When contemplating working in Libya, top of companies’ agendas is the safety of their employees. “My company is taking the risk side of it very seriously,” says David Bucknall who has just stepped down as the chairman of Rider Levitt Bucknall. “You don’t want to be subjecting people to risks that you wouldn’t take yourself.”

Some companies, Bucknall says, will go in early to take advantage of the high rewards associated with greater risks but he predicts many will be more measured.

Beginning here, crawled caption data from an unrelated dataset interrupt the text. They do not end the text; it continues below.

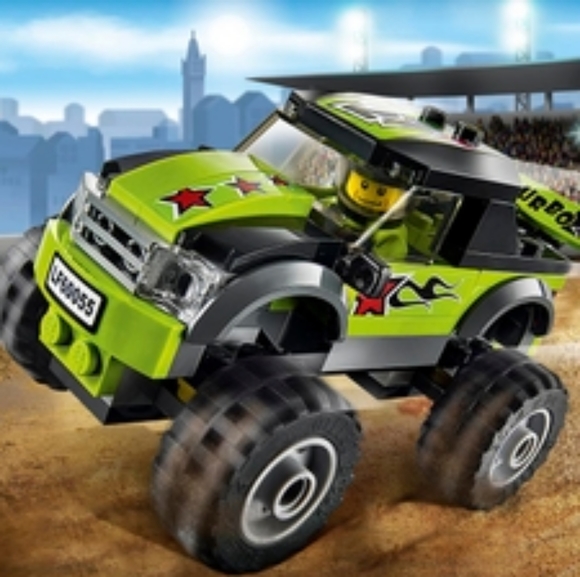 LEGO Monster Truck 60055 - Picture 6 of 6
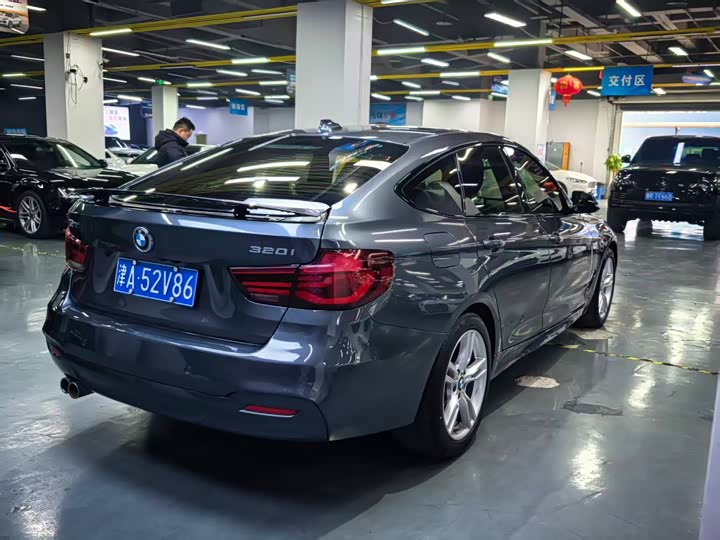 BMW 3 Series GT 2020 2020款 320i M运动套装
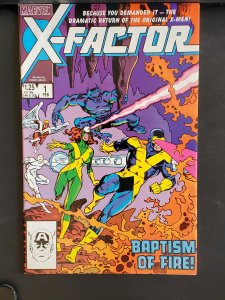 X-Factor #1 (1986)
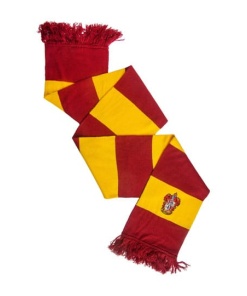 Harry Potter Bufanda Gryffindor Bold Stripes 160 cm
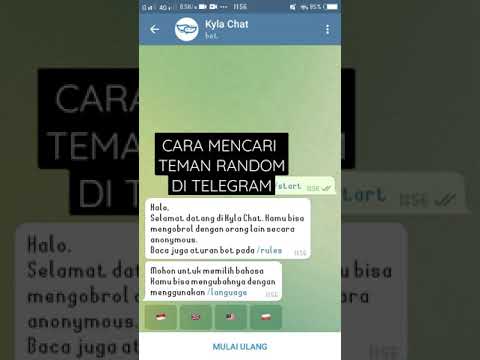 Terbaru!!! cari teman luar negeri di telegram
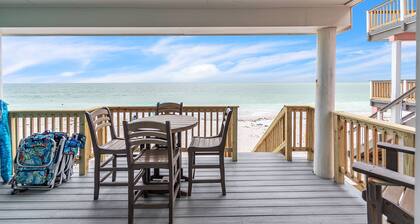 Serenity By The Sea - Beachfront townhouse in great location. Pet friendly!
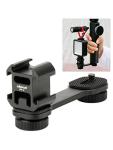 ULANZI PT-3 Triple Cold Shoe Mount Adapter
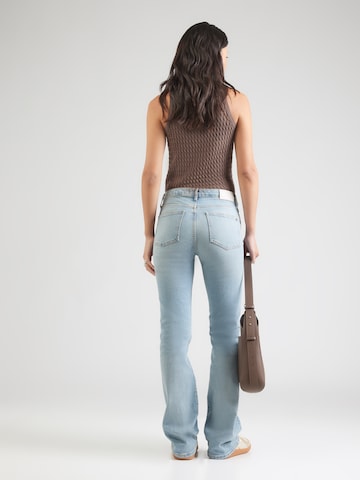 TOMMY HILFIGER Bootcut Farmer - kék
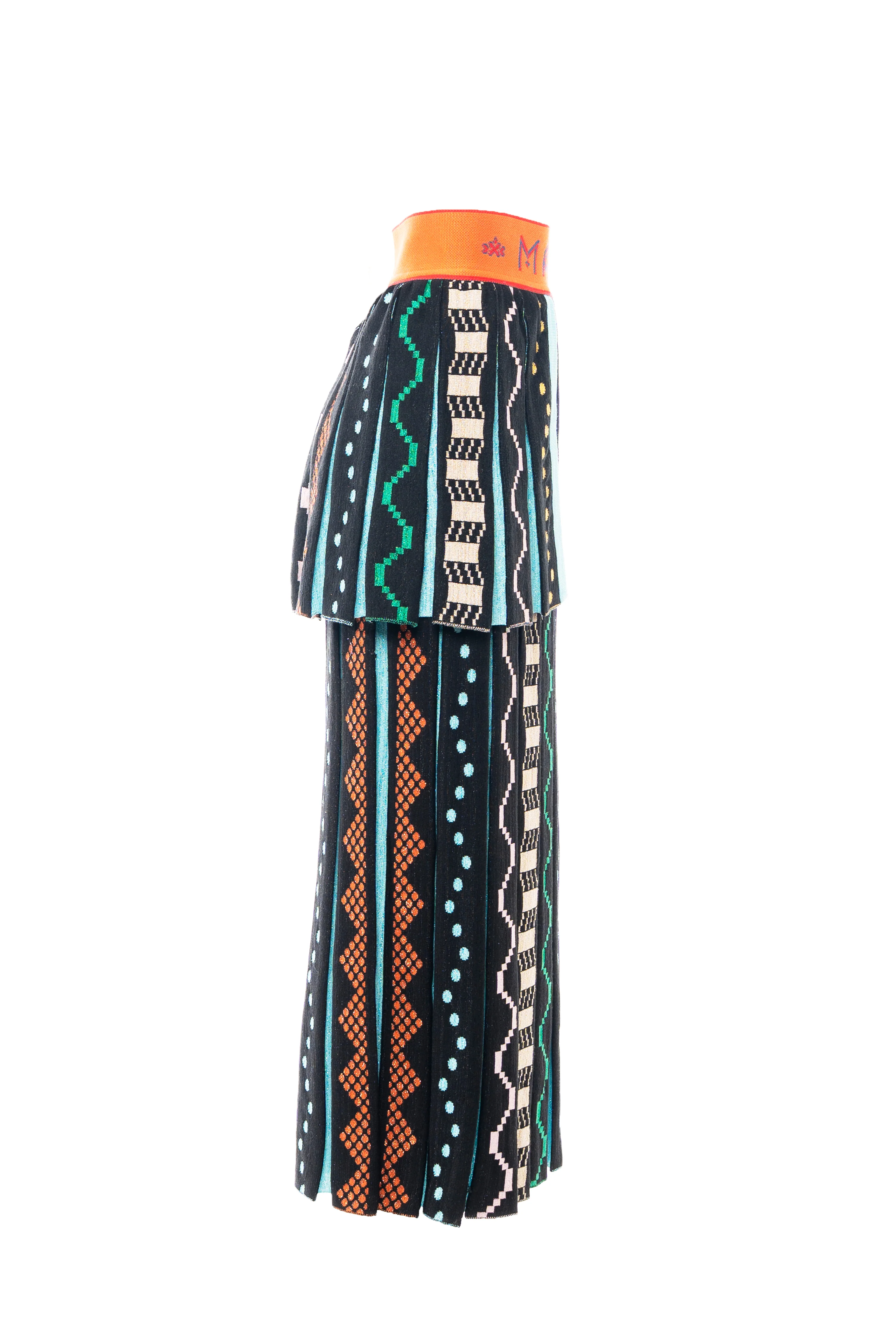 MAXHOSA MLSK92 - PLEATED SKIRT - Image 3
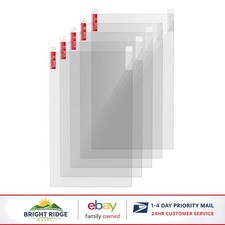 5PCS 6.23 Inch Screen Protector for LCD Resin 3D Printers, Scratch Resistant picture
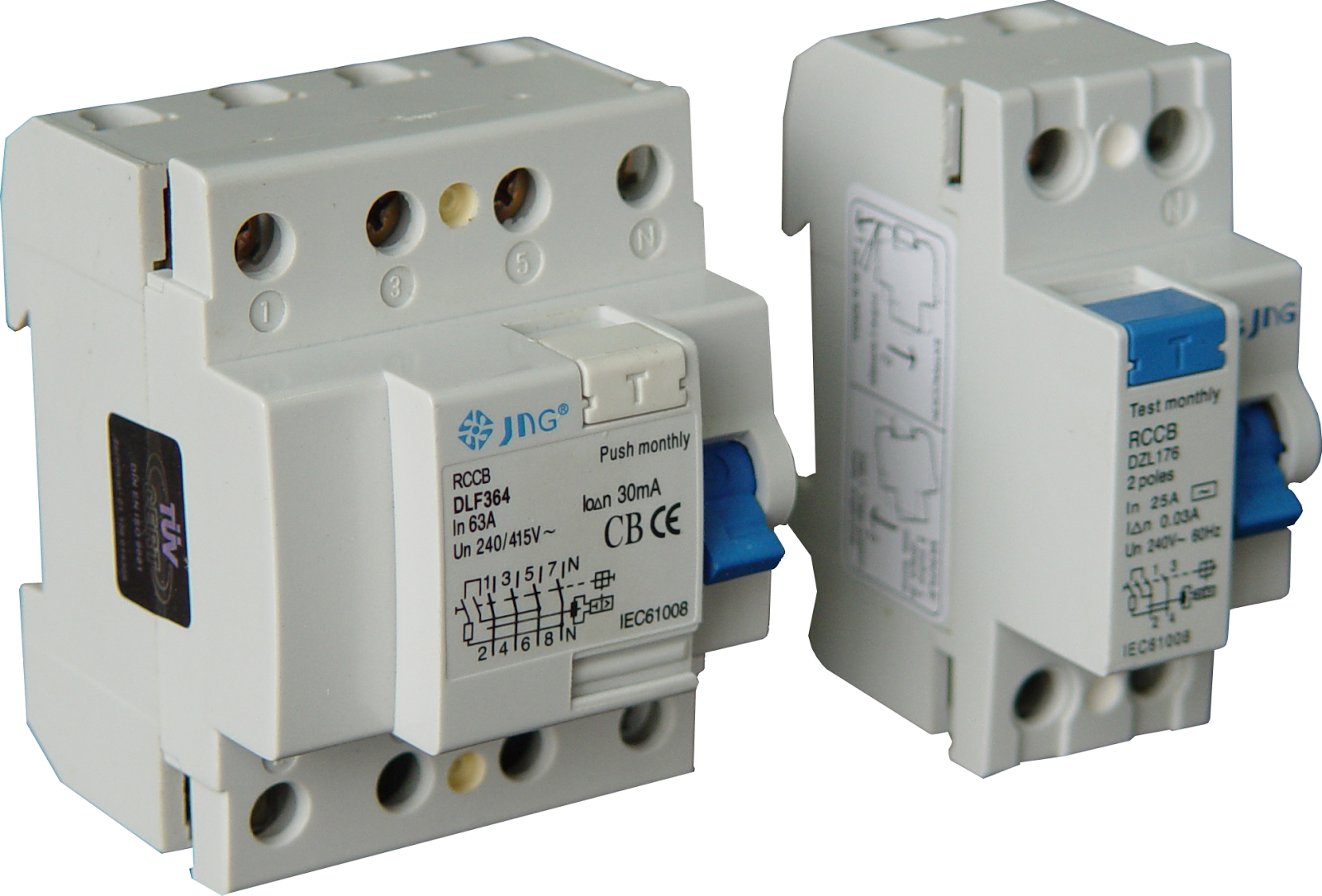 Dr - Interruptor De Fuga 63a 4p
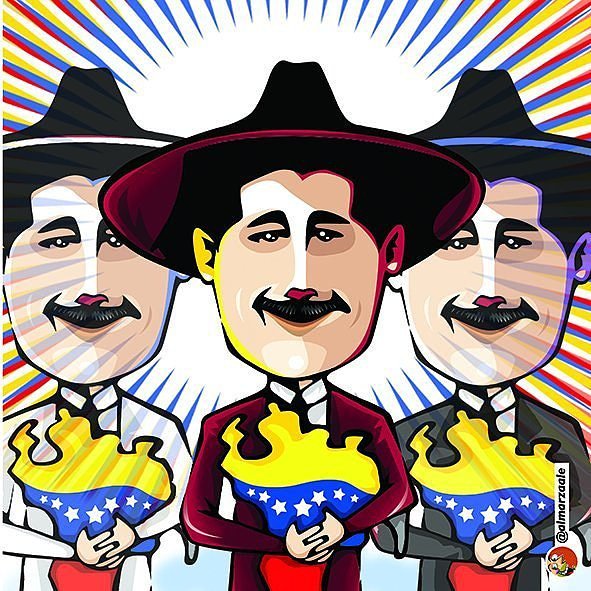 CaricaturasVe's tweet photo. Feliz día del médico A todos los #médicosvenezolanos
 Dignos herederos del legado de #JoséGregorioHenandez
 #DíadelMédico #10deMarzo 
#Caricatura @almarzaale https://t.co/E21jt6QyhU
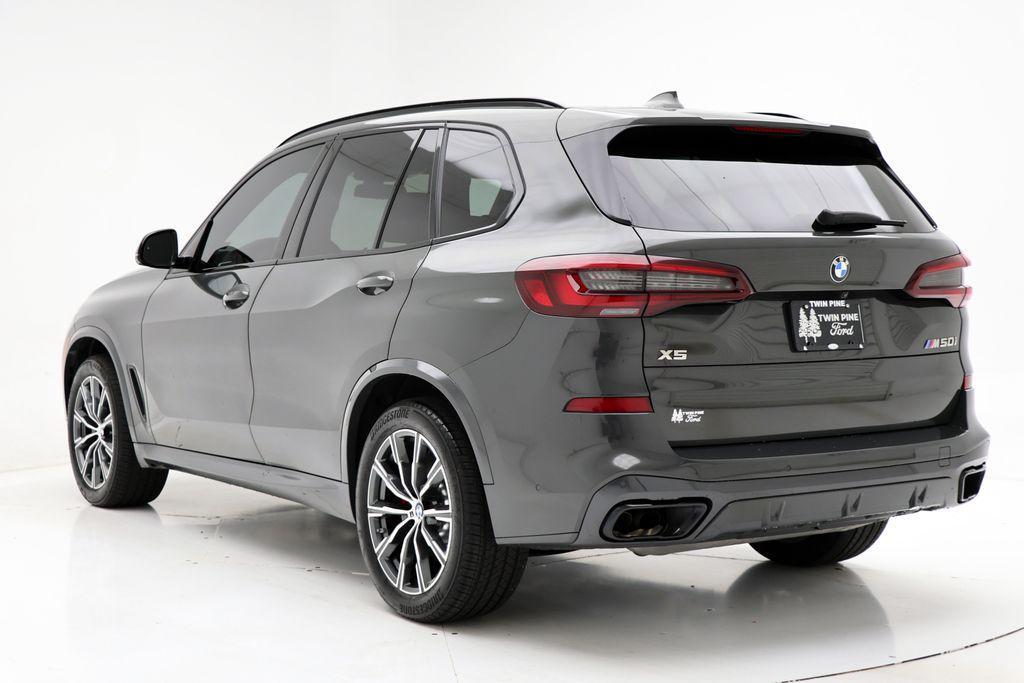 used 2022 BMW X5 car, priced at $50,900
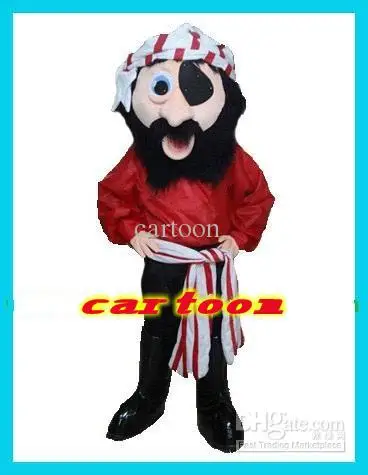 Средства для укладки волос пиратский уродливые костюм талисмана (мужчина) День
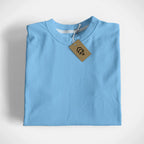 Sky Blue Basic T-Shirt
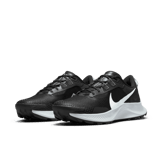 Nike Pegasus Trail 3 Black White Angle 2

Aecom had more than 100 people working for it in Libya before the country was plunged into civil war. The firm ended up getting its staff on the Royal Navy frigate, HMS Cumberland, which picked up British citizens from Benghazi last year. “It was an evacuation,” says David Barwell.

“North Africa is characterised by government instability. It’s not an easy place to work. We have to have a guarantee of safety and commitment of payment.”